_Given records_
---
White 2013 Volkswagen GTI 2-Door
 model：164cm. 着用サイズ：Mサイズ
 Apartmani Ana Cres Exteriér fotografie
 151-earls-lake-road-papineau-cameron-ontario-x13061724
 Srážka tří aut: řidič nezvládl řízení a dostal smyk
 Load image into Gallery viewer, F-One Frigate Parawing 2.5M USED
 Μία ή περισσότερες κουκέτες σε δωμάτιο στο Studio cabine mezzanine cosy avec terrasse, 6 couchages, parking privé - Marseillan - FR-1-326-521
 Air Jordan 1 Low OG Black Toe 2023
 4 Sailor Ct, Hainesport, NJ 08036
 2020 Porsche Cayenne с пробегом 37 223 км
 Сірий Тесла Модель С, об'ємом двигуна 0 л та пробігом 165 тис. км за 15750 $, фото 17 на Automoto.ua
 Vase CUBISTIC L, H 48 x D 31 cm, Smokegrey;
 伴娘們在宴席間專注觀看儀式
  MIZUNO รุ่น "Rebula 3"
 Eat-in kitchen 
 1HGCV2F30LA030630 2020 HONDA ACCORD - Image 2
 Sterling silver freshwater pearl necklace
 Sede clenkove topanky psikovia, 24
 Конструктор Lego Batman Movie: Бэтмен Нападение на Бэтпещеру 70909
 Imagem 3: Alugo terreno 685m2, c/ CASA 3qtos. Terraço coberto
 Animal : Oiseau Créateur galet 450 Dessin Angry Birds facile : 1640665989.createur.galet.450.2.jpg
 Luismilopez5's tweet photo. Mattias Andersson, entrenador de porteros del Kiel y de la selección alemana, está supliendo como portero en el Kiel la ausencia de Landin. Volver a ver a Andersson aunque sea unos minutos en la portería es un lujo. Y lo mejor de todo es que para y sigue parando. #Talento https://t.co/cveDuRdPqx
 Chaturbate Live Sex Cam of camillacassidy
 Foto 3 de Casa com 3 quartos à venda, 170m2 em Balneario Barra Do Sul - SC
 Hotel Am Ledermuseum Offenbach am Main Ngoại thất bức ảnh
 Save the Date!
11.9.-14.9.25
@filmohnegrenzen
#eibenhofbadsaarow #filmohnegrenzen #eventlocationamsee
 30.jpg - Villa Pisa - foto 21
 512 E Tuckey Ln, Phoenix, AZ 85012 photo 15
---
_Task_
Extract all of the data shown above without alteration.

_Reply to the exercise_
White 2013 Volkswagen GTI 2-Door
 model：164cm. 着用サイズ：Mサイズ
 Apartmani Ana Cres Exteriér fotografie
 151-earls-lake-road-papineau-cameron-ontario-x13061724
 Srážka tří aut: řidič nezvládl řízení a dostal smyk
 Load image into Gallery viewer, F-One Frigate Parawing 2.5M USED
 Μία ή περισσότερες κουκέτες σε δωμάτιο στο Studio cabine mezzanine cosy avec terrasse, 6 couchages, parking privé - Marseillan - FR-1-326-521
 Air Jordan 1 Low OG Black Toe 2023
 4 Sailor Ct, Hainesport, NJ 08036
 2020 Porsche Cayenne с пробегом 37 223 км
 Сірий Тесла Модель С, об'ємом двигуна 0 л та пробігом 165 тис. км за 15750 $, фото 17 на Automoto.ua
 Vase CUBISTIC L, H 48 x D 31 cm, Smokegrey;
 伴娘們在宴席間專注觀看儀式
  MIZUNO รุ่น "Rebula 3"
 Eat-in kitchen 
 1HGCV2F30LA030630 2020 HONDA ACCORD - Image 2
 Sterling silver freshwater pearl necklace
 Sede clenkove topanky psikovia, 24
 Конструктор Lego Batman Movie: Бэтмен Нападение на Бэтпещеру 70909
 Imagem 3: Alugo terreno 685m2, c/ CASA 3qtos. Terraço coberto
 Animal : Oiseau Créateur galet 450 Dessin Angry Birds facile : 1640665989.createur.galet.450.2.jpg
 Luismilopez5's tweet photo. Mattias Andersson, entrenador de porteros del Kiel y de la selección alemana, está supliendo como portero en el Kiel la ausencia de Landin. Volver a ver a Andersson aunque sea unos minutos en la portería es un lujo. Y lo mejor de todo es que para y sigue parando. #Talento https://t.co/cveDuRdPqx
 Chaturbate Live Sex Cam of camillacassidy
 Foto 3 de Casa com 3 quartos à venda, 170m2 em Balneario Barra Do Sul - SC
 Hotel Am Ledermuseum Offenbach am Main Ngoại thất bức ảnh
 Save the Date!
11.9.-14.9.25
@filmohnegrenzen
#eibenhofbadsaarow #filmohnegrenzen #eventlocationamsee
 30.jpg - Villa Pisa - foto 21
 512 E Tuckey Ln, Phoenix, AZ 85012 photo 15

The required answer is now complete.